With a few tenths making the world of difference in the fight between Ferrari and Mercedes, falling out of the window is the difference between pole position and the second row.
Pirelli's F1 racing manager Mario Isola said in Monaco: "It is a bit of a characteristic of all the circuits with a low severity, because it is more difficult to warm the front tyres, and to have a front and rear that are balanced and able to generate the peak of grip. That was the case in Sochi – it was here."
It is on these low energy track that Ferrari's SF70H has proved to be more manageable and better able to perform in all conditions.
Speaking about Ferrari, Isola said: "I am not a vehicle dynamic expert but I think they have designed a car that is very good with the setup. They are able to find always a way to have a very balanced front and rear, and obviously this means performance.
"In the beginning of the year they were very good in race pace, but probably missing a little bit of top speed or qualifying performance. Now they also fix this, and the car is very well balanced."
The current situation Mercedes faces is different to what it experienced in Singapore 2015, when the team struggled all weekend to get its tyres to work at all.
However, there are similarities between Monaco and its struggles this year in Sochi – where on the ultrasoft, on a low grip, slow-speed track, it could not find the sweet spot again.
So Mercedes knows what needs to be done, it is just a matter of working out how best to achieve it. But time is short, as Monaco's headaches are the same as will be experienced in forthcoming races.
Isola added: "Sochi and Monte Carlo are circuits where you need a lot of traction and you have to protect the rear, but you cannot sacrifice the front too much.
"It is the secret of having a car that is very well balanced. Sliding from the rear can cause overheating, and it is a different overheating because of this smooth asphalt. And on the other side, you have to put some energy in the front tyres because otherwise you don't get the maximise grip.
"We will also have this effect in some other circuits like Montreal. It is something you are not going to experience in Silverstone in Spa probably because they have a different characteristics. Also the asphalt roughness is higher so you are able to generate more grip and putting more energy in the tyre."
Difficult to solve
The challenge of Montreal and Baku will be further increased though by the fact that they are tracks where teams runs with a lot less downforce, which could make things even harder for teams to get energy into their tyres.
As Force India's technical director Andrew Green said: "We've got to see where they [the tyres] go when you start taking the downforce off the car, which is something we've not really experimented with yet. It's going to be new for us - new for everybody, though.
"Traditionally Montreal is quite tricky. I think Baku will be a tough one. It's very smooth asphalt, very low energy input, a really long straight. It's going to be a big challenge for everybody."
Hamilton is well aware that Mercedes is under pressure to find the answers, if he is not going to have worse weekends than Monaco.

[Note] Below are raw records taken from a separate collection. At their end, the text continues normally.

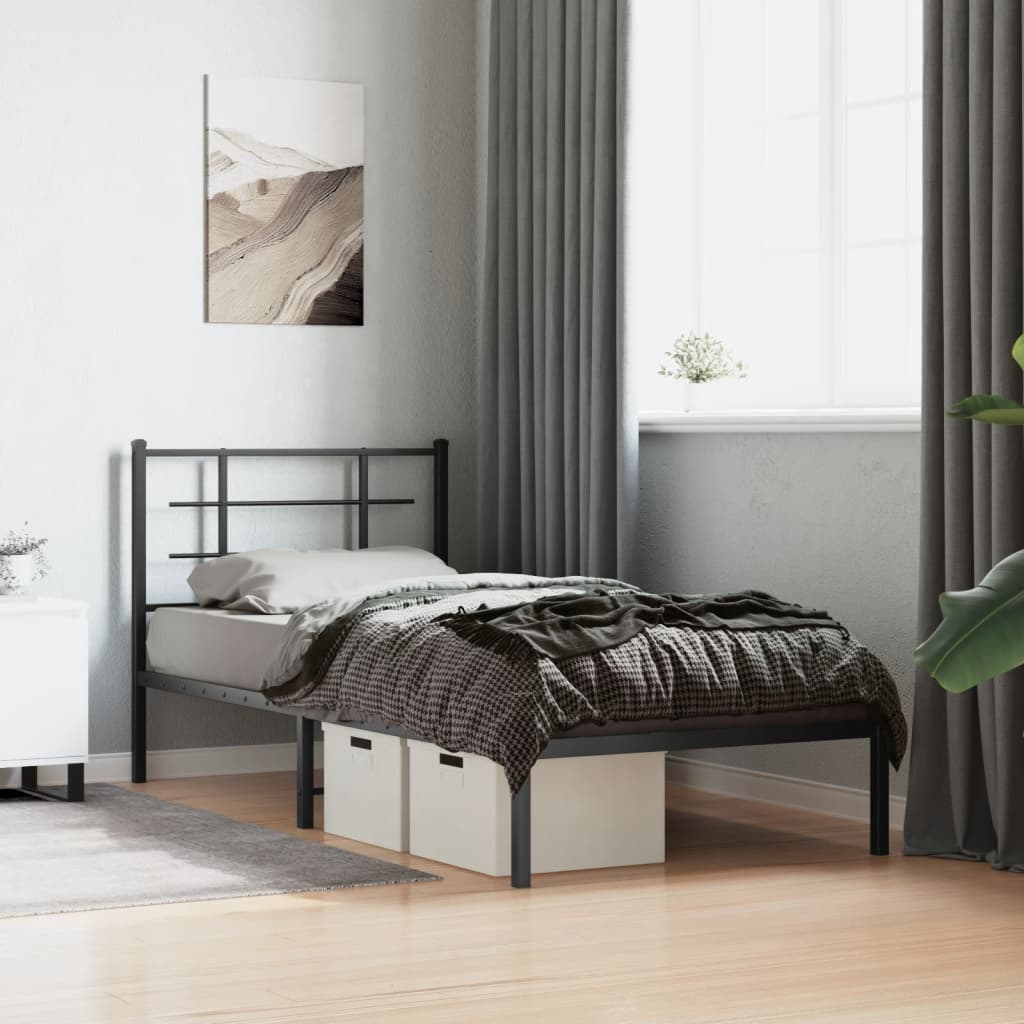 Bedframe met hoofdbord metaal zwart 90x190 cm – afbeelding 1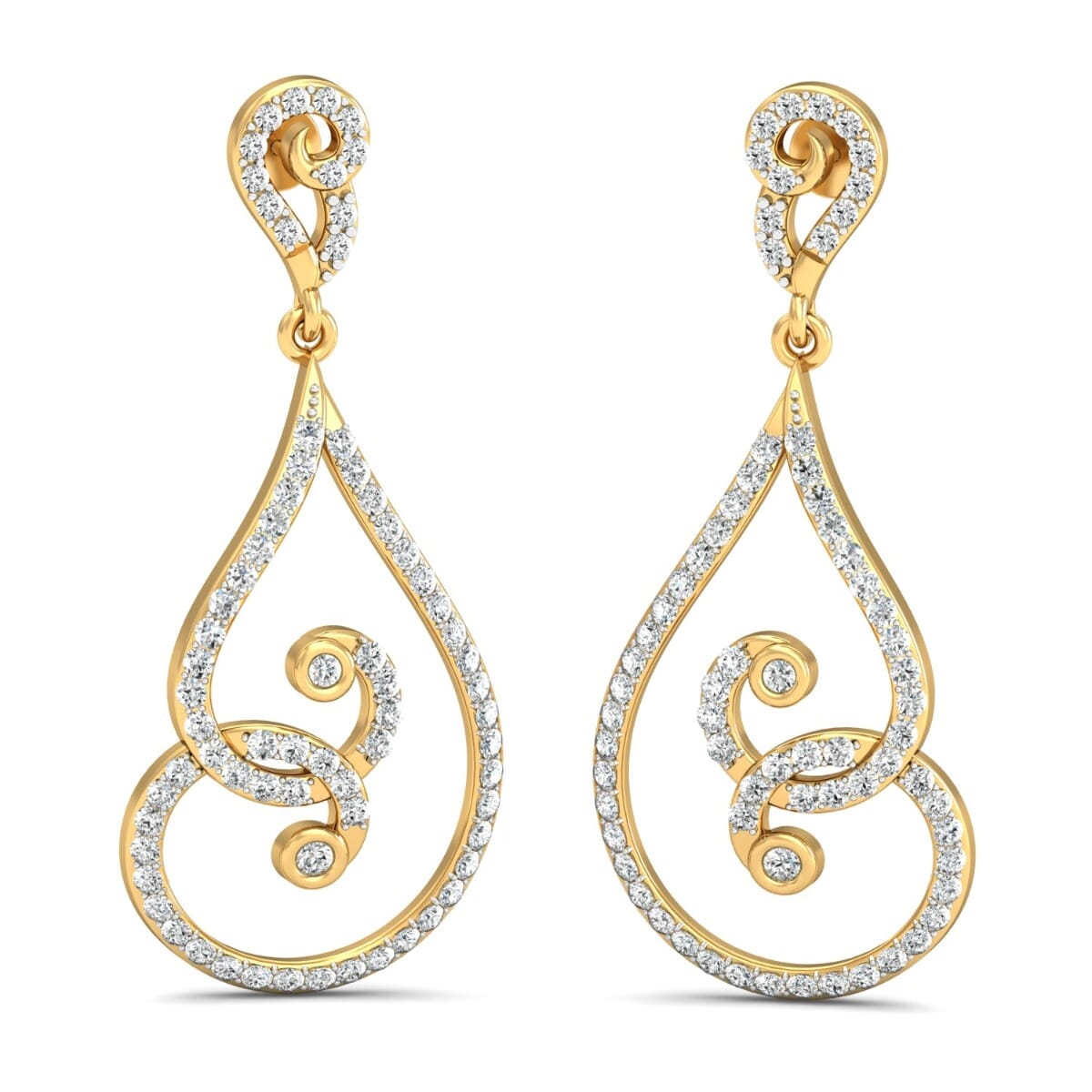18KT Gold and 1.31 Carat Diamond Earrings
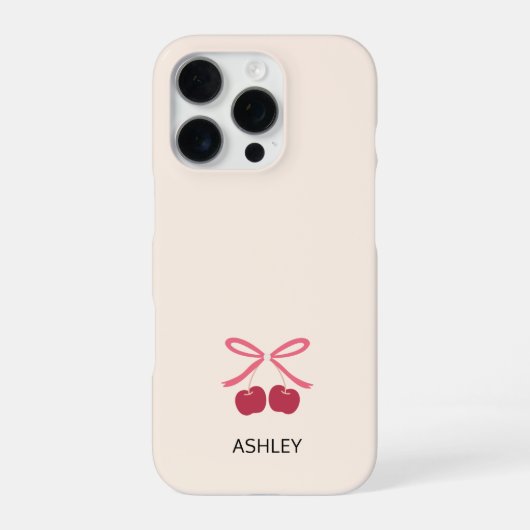 iPhoneケース | 可愛いチェリーリボンのスマホカバー iPhone 16 Proケース (裏面)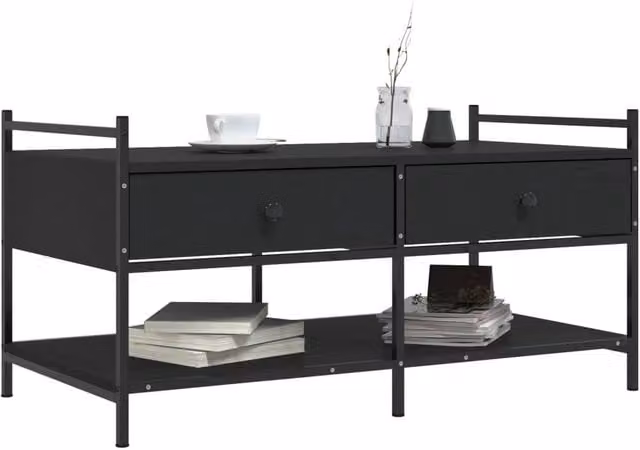 Berkfield Home Decorative Black Rectangular Coffee Table, W: 99 cm, D: 50 cm, H: 50 cm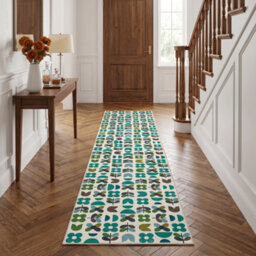 Decoranddecor Hallway Runners, Washable Rugs, Carpet Runner Rug, 60X240Cm, Non-Slip, Pet Friendly, Retro Floral Rug - Zora - thumbnail 1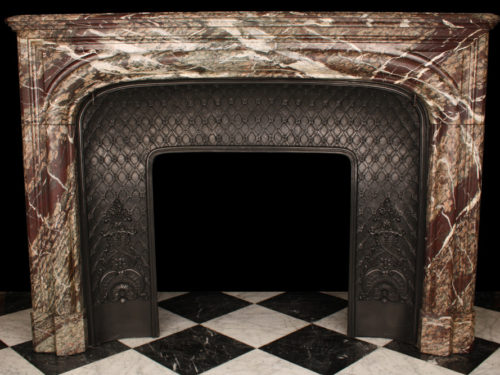 French Rouge Marble Fireplace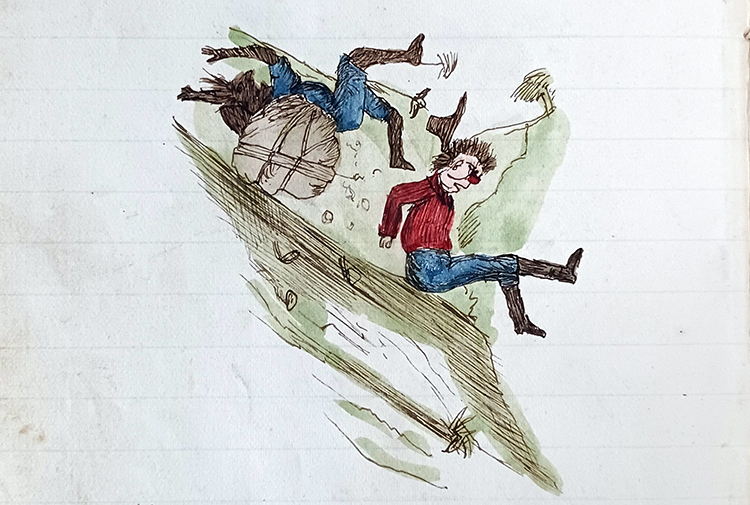 Watercolour and pen image of a man with a red nose and a second cartoon donkey figure carrying a large ball-shaped pack falling down a hill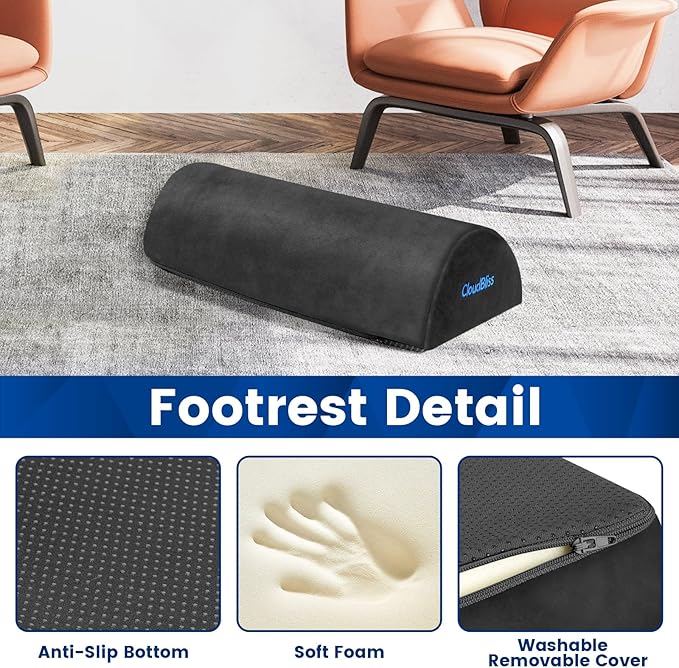 CloudBliss Foot Rest for Under Desk at Work,Office Desk Accessories with Soft Foam and Washable Removable Cover, Foot Stool for Office, Car, Home to Foot Support and Relax Ankles, Gray, Long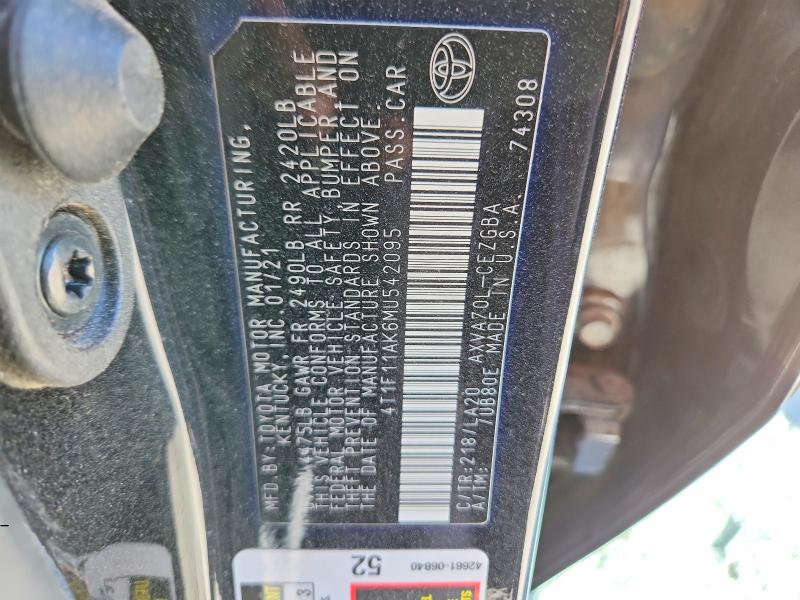 2021 Toyota Camry მანქანა იყიდება აუქციონზე, vin: 4T1F11AK6MU542095, აუქციონის ნომერი: 46338616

"It's definitely going to be a difficult one [to find a solution] and I really hope we get on top of it, because as soon as we get on top of those ultrasofts, then that puts us in a much better position to attack the other car," he said. "That's what we really need.
"Montreal has been a great hunting ground for me in the past and I plan for it to continue, so we are going to work very very hard over the next two weeks to make sure the car is in the right place to make sure we are ahead of those Ferraris."